Re: [RFC] can we use vmalloc to alloc thread stack if compaction failed

From: Joonsoo Kim
Date: Thu Jul 28 2016 - 22:57:14 EST


On Thu, Jul 28, 2016 at 08:07:51AM -0700, Andy Lutomirski wrote:
> On Thu, Jul 28, 2016 at 3:51 AM, Xishi Qiu <qiuxishi@xxxxxxxxxx> wrote:
> > On 2016/7/28 17:43, Michal Hocko wrote:
> >
> >> On Thu 28-07-16 16:45:06, Xishi Qiu wrote:
> >>> On 2016/7/28 15:58, Michal Hocko wrote:
> >>>
> >>>> On Thu 28-07-16 15:41:53, Xishi Qiu wrote:
> >>>>> On 2016/7/28 15:20, Michal Hocko wrote:
> >>>>>
> >>>>>> On Thu 28-07-16 15:08:26, Xishi Qiu wrote:
> >>>>>>> Usually THREAD_SIZE_ORDER is 2, it means we need to alloc 16kb continuous
> >>>>>>> physical memory during fork a new process.
> >>>>>>>
> >>>>>>> If the system's memory is very small, especially the smart phone, maybe there
> >>>>>>> is only 1G memory. So the free memory is very small and compaction is not
> >>>>>>> always success in slowpath(__alloc_pages_slowpath), then alloc thread stack
> >>>>>>> may be failed for memory fragment.
> >>>>>>
> >>>>>> Well, with the current implementation of the page allocator those
> >>>>>> requests will not fail in most cases.
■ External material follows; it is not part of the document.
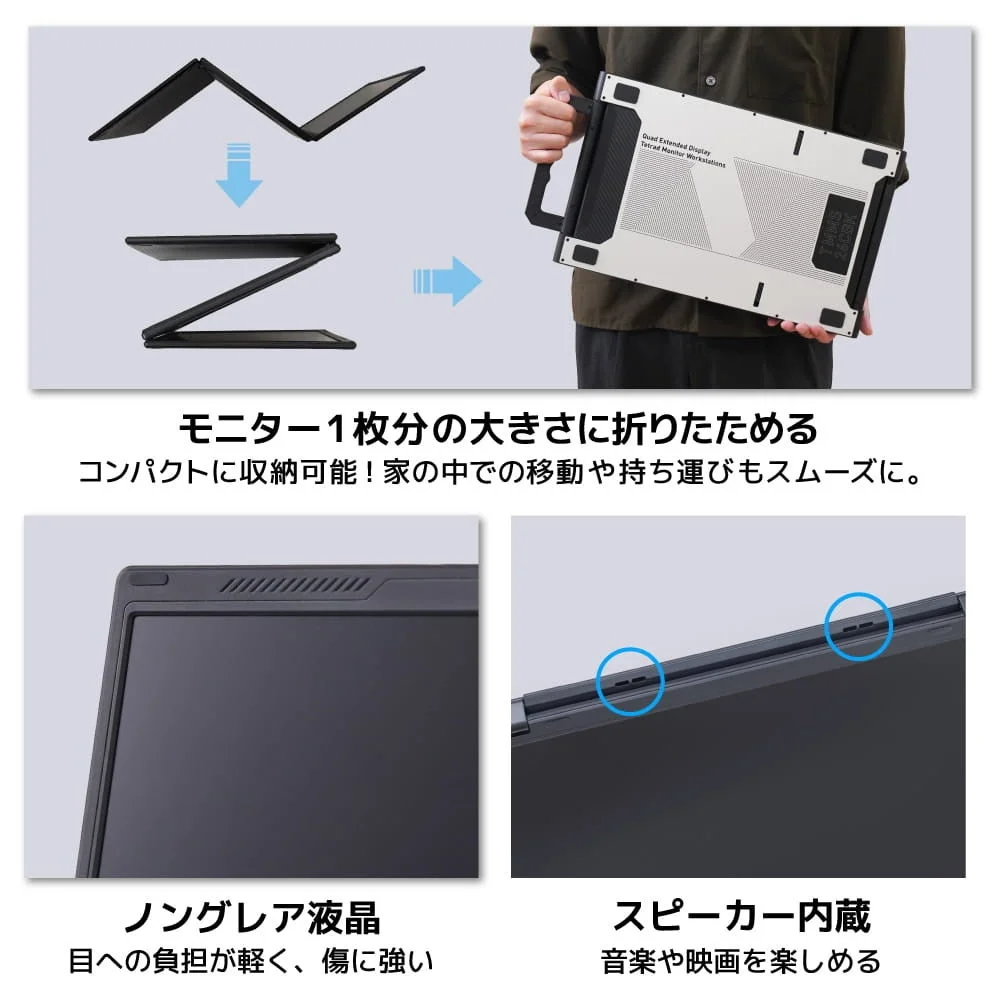 折りたたんで持ち運べる縦横回転モニター。ノングレア液晶とスピーカー内蔵の説明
The oom killer would be invoked in
> >>>>>> order to free up some memory.
> >>>>>>
> >>>>>
> >>>>> Hi Michal,
> >>>>>
> >>>>> Yes, it success in most cases, but I did have seen this problem in some
> >>>>> stress-test.
> >>>>>
> >>>>> DMA free:470628kB, but alloc 2 order block failed during fork a new process.
> >>>>> There are so many memory fragments and the large block may be soon taken by
> >>>>> others after compact because of stress-test.
> >>>>>
> >>>>> --- dmesg messages ---
> >>>>> 07-13 08:41:51.341 <4>[309805.658142s][pid:1361,cpu5,sManagerService]sManagerService: page allocation failure: order:2, mode:0x2000d1
> >>>>
> >>>> Yes but this is __GFP_DMA allocation. I guess you have already reported
> >>>> this failure and you've been told that this is quite unexpected for the
> >>>> kernel stack allocation. It is your out-of-tree patch which just makes
> >>>> things worse because DMA restricted allocations are considered "lowmem"
> >>>> and so they do not invoke OOM killer and do not retry like regular
> >>>> GFP_KERNEL allocations.
> >>>
> >>> Hi Michal,
> >>>
> >>> Yes, we add GFP_DMA, but I don't think this is the key for the problem.
> >>
> >> You are restricting the allocation request to a single zone which is
> >> definitely not good. Look at how many larger order pages are available
> >> in the Normal zone.
> >>
> >>> If we do oom-killer, maybe we will get a large block later, but there
> >>> is enough free memory before oom(although most of them are fragments).
> >>
> >> Killing a task is of course the last resort action. It would give you
> >> larger order blocks used for the victims thread.
> >>
> >>> I wonder if we can alloc success without kill any process in this situation.
> >>
> >> Sure it would be preferable to compact that memory but that might be
> >> hard with your restriction in place. Consider that DMA zone would tend
> >> to be less movable than normal zones as users would have to pin it for
> >> DMA. Your DMA is really large so this might turn out to just happen to
> >> work but note that the primary problem here is that you put a zone
> >> restriction for your allocations.
> >>
> >>> Maybe use vmalloc is a good way, but I don't know the influence.
> >>
> >> You can have a look at vmalloc patches posted by Andy. They are not that
> >> trivial.
> >>
> >
> > Hi Michal,
> >
> > Thank you for your comment, could you give me the link?
> >
>
> I've been keeping it mostly up to date in this branch:
>
> https://git.kernel.org/cgit/linux/kernel/git/luto/linux.git/log/?h=x86/vmap_stack
>
> It's currently out of sync due to a bunch of the patches being queued
> elsewhere for the merge window.

Hello, Andy.

I have some questions about it.

IIUC, to turn on HAVE_ARCH_VMAP_STACK on different architecture, there
is nothing to be done in architecture side if the architecture doesn't
support lazily faults in top-level paging entries for the vmalloc
area. Is my understanding is correct?

And, I'd like to know how you search problematic places using kernel
stack for DMA.

One note is that, stack overflow happens at the previous page of the
stack end position if stack grows down, but, guard page is placed at
the next page of the stack begin position. So, this stack overflow
detection depends on the fact that previous vmalloc-ed area is allocated
without VM_NO_GUARD. There isn't many users for this flag so there
would be no problem but just note.

Thanks.